A host of wild theories including a Taliban hijack or meteor strike had emerged to fill the information vacuum in the days following the plane's disappearance on March 8 with 239 aboard as authorities across Asia scrambled to figure out what happened. (Agencies)
The speculation abated after Malaysia said in late March the plane was believed to have gone down in the Indian Ocean for unknown reasons, but has revived due to the failure of an international search effort to find any trace of the plane.
In a blog posting on Sunday, former Malaysian premier Mahathir Mohamad put his weight behind online rumours that the Boeing 777 had a feature allowing the plane's controls to be taken over remotely.

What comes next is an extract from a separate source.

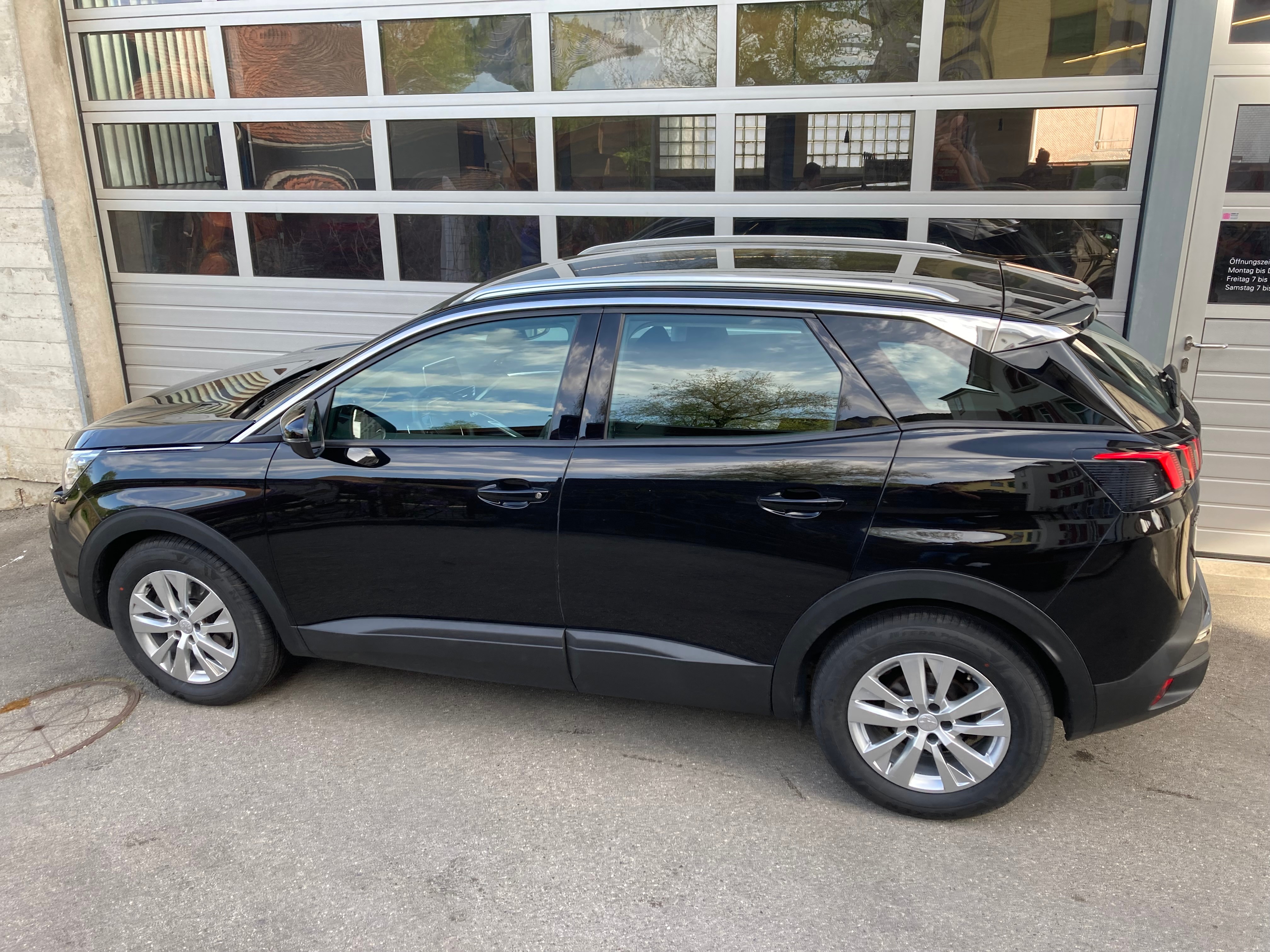 PEUGEOT 3008 1.6 BlueHDi Business Line EAT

The still-influential Mahathir, 88, said the US Central Intelligence Agency might have taken control of the American-made plane after it was commandeered by terrorists, adding it was possible "the plane is somewhere, maybe without MAS (Malaysia Airlines) markings".
"Can it not be that the pilot of MH370 lost control of their aircraft after someone directly or remotely activated the equipment for seizure of control of the aircraft?" Mahathir wrote.

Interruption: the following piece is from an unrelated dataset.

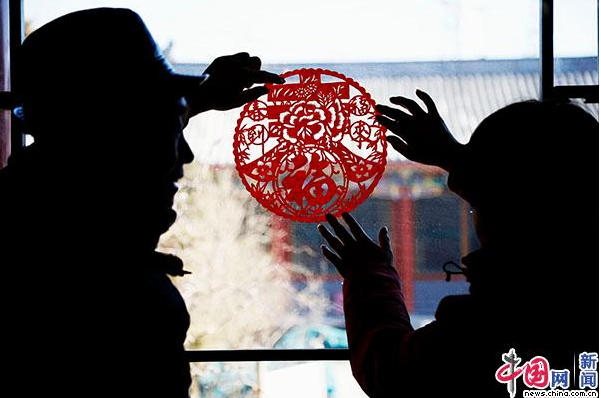 窗户贴纸怎么贴图标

"Someone is hiding something. It is not fair that MAS and Malaysia should take the blame. For some reason the media will not print anything that involves Boeing or the CIA," wrote Mahathir, who is known for his anti-western rhetoric.

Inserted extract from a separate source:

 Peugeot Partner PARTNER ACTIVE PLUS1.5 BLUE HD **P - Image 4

Similar allegations were floated previously by a newspaper controlled by Malaysia's ruling party - which was under fire over a perceived bumbling and secretive handling of the crisis.
The suggestion of American involvement was dismissed at the time by the US embassy in Malaysia.
Two films about MH370 were touted on Sunday to potential distributors at the Cannes Film Festival in France, with a trailer for one of them - "The Vanishing Act" – showing terrified passengers and a gun being brandished.
The film was pitched as "the untold story of the missing Malaysian plane".
One of the first books about MH370 went on sale on Monday, suggesting it could have been shot down during a military drill in the South China Sea and the incident covered-up.
A host of wild theories including a Taliban hijack or meteor strike had emerged to fill the information vacuum in the days following the plane's disappearance on March 8 with 239 aboard as authorities across Asia scrambled to figure out what happened.